Kürzlich bekam ich eine zerlegte Kamera geschenkt. Es war ein Modell mit automatischer Schärfeeinstellung und Belichtung. Abgesehen davon, dass einige besondere Bauteile darin waren, interessierte mich, wie hier wohl die Entfernungsmessung funktionierte.
ausgewählte Bauteile
Die Bedienungsanleitung gab einen Hinweis: Ein schwacher Blitz kurz vor der eigentlichen Aufnahme beleuchtet das Objekt. Über eine Helligkeitsmessung wird dann die Entfernung bestimmt. Anscheinend diente ein Fototransistor zur Messung des reflektierten Lichts. Der Messwert wurde auf ein Drehspulmesswerk übertragen, das für den Anwender unsichtbar blieb, aber irgendwie die Mechanik der Linseneinstellung steuerte. Ob das wohl genau genug war? Als einzige ICs enthielt die Kamera nicht mehr als einen vierfachen Komparator LM339 und ein Vierfach-RS-Flipflop 4044. Woher diese Kamera stammt, sagt das Handbuch nicht. Auch der Name des Herstellers wird schamhaft verschwiegen. Als einziger Hinweis lenkt ein kleiner Schreibfehler ("Werter Kundel") den Blick in Richtung China.
Besonders interessant war das eingebaute Blitzlicht. Der Blitz wurde elektronisch gesteuert, also unterbrochen, wenn genügend Licht auf den Film gefallen war. Dazu diente ein großer Transistor, der offenbar den gesamten Blitzstrom schalten konnte.
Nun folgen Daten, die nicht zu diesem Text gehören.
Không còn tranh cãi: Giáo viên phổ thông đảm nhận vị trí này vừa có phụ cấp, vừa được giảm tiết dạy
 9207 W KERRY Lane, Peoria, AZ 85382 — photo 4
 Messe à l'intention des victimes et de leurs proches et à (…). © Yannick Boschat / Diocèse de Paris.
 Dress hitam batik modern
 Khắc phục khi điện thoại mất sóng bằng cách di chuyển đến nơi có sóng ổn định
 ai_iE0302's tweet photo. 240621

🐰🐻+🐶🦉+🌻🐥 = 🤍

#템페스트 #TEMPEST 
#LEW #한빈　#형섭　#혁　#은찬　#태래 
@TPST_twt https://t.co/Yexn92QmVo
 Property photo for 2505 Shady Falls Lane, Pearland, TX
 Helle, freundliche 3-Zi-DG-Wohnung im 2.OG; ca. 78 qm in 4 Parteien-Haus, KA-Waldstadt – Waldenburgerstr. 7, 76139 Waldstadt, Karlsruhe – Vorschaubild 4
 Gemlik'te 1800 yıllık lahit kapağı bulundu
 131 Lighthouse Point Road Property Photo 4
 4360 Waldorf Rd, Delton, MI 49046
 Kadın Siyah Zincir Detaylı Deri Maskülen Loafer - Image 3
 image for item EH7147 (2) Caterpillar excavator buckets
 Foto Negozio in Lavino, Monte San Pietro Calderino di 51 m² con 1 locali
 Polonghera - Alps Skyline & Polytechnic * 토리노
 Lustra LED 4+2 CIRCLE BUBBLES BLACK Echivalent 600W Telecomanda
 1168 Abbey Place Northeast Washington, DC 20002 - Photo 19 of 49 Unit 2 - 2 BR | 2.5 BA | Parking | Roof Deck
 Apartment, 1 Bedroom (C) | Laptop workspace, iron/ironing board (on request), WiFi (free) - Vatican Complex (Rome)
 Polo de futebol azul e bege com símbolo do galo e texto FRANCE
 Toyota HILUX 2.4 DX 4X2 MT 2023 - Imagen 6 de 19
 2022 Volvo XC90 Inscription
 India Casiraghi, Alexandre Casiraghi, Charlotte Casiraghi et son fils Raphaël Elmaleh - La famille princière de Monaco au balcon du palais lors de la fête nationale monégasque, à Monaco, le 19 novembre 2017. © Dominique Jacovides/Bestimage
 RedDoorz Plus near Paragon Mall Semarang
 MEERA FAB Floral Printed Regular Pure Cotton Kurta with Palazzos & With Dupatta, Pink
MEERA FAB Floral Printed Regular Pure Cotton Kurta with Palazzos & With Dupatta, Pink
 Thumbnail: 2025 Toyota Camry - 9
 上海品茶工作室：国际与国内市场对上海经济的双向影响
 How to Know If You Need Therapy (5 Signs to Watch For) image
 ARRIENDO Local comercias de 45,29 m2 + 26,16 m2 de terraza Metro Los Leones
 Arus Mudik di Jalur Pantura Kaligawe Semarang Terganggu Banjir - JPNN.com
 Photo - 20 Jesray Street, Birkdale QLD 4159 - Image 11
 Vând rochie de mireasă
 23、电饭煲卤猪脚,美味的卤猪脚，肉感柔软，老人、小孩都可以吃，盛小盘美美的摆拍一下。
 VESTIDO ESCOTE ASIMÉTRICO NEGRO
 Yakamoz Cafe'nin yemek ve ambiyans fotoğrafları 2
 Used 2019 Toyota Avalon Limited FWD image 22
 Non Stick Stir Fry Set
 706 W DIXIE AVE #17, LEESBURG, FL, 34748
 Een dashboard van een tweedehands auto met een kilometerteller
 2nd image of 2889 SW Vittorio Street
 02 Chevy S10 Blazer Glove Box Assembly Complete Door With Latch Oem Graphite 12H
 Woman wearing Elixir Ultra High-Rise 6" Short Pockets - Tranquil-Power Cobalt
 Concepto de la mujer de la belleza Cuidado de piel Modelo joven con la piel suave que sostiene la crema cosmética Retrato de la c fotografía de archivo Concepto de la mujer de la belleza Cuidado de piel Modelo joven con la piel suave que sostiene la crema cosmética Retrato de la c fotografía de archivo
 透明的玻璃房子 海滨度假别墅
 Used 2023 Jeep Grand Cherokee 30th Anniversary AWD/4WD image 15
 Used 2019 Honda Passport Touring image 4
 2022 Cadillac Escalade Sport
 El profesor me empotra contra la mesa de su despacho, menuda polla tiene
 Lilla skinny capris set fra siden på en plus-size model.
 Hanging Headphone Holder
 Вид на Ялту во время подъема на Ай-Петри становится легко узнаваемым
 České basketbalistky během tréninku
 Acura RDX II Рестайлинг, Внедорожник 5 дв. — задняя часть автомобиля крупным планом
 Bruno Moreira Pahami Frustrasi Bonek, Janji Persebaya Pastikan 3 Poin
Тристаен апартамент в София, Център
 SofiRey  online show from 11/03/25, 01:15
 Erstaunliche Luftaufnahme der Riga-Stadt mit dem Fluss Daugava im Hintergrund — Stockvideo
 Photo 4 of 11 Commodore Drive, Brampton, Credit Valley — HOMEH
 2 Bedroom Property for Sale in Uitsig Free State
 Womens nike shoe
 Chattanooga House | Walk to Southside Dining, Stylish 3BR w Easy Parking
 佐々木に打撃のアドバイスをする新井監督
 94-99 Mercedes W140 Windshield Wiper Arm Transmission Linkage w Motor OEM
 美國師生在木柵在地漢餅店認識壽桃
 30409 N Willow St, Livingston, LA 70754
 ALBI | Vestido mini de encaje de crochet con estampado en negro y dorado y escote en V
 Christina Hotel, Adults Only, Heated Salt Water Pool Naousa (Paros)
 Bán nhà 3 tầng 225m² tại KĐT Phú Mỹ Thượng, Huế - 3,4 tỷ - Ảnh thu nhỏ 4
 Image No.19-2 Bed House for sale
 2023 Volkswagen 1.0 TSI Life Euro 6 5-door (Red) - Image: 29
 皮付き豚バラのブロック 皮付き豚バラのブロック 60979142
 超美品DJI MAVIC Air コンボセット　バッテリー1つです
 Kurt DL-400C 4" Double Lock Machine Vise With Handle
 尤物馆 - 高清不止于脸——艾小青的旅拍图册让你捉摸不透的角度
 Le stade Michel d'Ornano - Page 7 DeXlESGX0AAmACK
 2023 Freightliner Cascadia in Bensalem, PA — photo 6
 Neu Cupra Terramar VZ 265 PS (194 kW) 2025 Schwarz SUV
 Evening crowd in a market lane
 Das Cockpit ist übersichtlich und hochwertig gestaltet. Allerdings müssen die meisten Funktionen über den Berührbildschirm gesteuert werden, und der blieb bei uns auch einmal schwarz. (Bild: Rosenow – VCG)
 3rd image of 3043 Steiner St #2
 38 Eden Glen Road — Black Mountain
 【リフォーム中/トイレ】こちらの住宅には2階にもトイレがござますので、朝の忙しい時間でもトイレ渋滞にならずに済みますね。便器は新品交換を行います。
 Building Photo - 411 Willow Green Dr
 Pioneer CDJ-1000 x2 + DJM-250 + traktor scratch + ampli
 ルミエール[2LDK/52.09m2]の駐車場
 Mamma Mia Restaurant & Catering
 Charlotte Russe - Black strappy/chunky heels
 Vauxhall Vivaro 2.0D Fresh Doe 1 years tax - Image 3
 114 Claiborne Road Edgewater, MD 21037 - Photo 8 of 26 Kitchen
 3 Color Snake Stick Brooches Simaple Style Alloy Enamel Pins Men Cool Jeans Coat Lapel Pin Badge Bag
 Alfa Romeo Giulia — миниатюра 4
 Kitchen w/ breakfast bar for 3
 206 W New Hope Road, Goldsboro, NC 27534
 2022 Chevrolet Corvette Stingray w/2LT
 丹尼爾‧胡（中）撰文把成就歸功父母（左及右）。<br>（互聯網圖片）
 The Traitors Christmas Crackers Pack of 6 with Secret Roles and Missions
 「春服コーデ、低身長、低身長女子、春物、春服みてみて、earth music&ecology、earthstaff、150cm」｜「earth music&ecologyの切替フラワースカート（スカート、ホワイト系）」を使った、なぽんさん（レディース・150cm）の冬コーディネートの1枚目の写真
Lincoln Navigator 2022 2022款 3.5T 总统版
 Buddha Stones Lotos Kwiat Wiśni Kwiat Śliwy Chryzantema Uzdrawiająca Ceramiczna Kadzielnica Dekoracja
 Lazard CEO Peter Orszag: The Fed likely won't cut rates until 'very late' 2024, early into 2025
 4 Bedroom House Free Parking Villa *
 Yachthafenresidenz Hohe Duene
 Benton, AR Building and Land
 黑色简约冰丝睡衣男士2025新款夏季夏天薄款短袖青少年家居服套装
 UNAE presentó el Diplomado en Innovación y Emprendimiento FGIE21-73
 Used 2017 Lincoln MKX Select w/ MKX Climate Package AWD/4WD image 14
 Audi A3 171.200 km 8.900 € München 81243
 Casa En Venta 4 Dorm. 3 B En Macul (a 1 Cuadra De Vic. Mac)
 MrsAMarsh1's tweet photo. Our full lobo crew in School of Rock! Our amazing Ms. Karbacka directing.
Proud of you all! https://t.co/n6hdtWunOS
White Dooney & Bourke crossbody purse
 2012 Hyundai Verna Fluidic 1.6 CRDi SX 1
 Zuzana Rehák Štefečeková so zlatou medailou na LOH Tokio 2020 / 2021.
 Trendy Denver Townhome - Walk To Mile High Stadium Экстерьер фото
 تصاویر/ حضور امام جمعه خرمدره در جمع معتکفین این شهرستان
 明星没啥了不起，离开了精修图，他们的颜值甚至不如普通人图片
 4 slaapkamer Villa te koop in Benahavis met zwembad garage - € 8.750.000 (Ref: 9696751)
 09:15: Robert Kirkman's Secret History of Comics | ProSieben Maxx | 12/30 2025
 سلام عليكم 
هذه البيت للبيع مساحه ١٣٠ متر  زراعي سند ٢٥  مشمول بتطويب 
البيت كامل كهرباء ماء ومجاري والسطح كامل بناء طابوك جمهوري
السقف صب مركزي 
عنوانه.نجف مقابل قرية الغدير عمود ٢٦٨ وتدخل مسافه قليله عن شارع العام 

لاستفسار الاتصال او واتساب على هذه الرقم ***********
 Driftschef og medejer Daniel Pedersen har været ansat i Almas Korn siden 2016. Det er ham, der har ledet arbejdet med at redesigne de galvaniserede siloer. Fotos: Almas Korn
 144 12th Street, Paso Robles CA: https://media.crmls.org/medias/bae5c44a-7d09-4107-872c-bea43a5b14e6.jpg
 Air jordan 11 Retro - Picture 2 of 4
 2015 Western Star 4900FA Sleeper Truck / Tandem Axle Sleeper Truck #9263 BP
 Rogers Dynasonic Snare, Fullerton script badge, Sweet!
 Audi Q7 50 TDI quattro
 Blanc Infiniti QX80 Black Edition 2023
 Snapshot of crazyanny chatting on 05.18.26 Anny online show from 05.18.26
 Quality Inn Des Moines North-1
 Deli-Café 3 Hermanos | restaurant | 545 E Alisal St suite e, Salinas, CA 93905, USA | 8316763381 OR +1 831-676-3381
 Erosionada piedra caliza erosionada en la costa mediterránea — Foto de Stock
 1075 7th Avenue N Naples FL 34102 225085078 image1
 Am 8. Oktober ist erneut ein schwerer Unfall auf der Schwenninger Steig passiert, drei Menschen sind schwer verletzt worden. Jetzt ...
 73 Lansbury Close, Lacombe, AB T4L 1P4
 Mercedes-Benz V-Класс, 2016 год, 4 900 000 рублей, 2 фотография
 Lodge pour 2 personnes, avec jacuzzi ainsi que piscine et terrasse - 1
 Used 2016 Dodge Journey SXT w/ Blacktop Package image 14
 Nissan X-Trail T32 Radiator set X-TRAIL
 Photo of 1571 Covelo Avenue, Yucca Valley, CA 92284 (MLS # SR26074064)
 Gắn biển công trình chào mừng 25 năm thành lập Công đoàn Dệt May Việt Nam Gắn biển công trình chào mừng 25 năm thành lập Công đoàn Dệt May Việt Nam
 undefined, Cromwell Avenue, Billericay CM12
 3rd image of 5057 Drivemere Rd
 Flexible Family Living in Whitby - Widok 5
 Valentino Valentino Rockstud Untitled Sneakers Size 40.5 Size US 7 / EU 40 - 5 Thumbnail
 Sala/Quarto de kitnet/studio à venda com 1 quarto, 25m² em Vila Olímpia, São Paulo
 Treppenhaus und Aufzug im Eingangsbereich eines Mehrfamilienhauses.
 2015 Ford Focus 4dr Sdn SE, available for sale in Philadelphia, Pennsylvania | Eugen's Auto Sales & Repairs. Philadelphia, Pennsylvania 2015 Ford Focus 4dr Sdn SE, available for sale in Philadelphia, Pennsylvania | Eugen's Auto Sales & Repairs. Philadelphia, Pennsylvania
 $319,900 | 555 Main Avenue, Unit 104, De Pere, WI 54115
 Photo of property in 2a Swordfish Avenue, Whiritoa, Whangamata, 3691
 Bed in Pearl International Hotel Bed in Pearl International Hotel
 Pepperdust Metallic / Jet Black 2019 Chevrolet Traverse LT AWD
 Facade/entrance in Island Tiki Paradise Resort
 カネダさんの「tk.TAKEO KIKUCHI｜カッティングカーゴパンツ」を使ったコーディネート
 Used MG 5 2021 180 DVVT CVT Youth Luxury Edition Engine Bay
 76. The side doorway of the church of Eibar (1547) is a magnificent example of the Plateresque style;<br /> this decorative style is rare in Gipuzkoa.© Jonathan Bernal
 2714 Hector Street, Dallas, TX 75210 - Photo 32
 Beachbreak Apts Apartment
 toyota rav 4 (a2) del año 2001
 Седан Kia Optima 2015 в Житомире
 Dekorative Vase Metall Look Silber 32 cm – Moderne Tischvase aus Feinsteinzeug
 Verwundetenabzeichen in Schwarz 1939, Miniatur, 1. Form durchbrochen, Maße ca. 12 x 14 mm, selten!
Die Blitzplatine war mit zahlreichen Kabeln mit der übrigen Elektronik verbunden. Die Schaltung musste zuerst etwas aufgeräumt werden, um sie wieder in Betrieb zu nehmen. Als Auslöser dient jetzt ein kleiner Mikroschalter, der ebenfalls aus der Kamera stammt. Nur noch zwei Batterien dran, einschalten, los geht´s, der Elko lädt sich, auf . Bei ca. 300 V zündet die spezielle Glimmlampe mit einem auffallend großen Elektrodenabstand. Jetzt bloß nicht den Elko anfassen! Ein Druck auf den Taster - Blitz!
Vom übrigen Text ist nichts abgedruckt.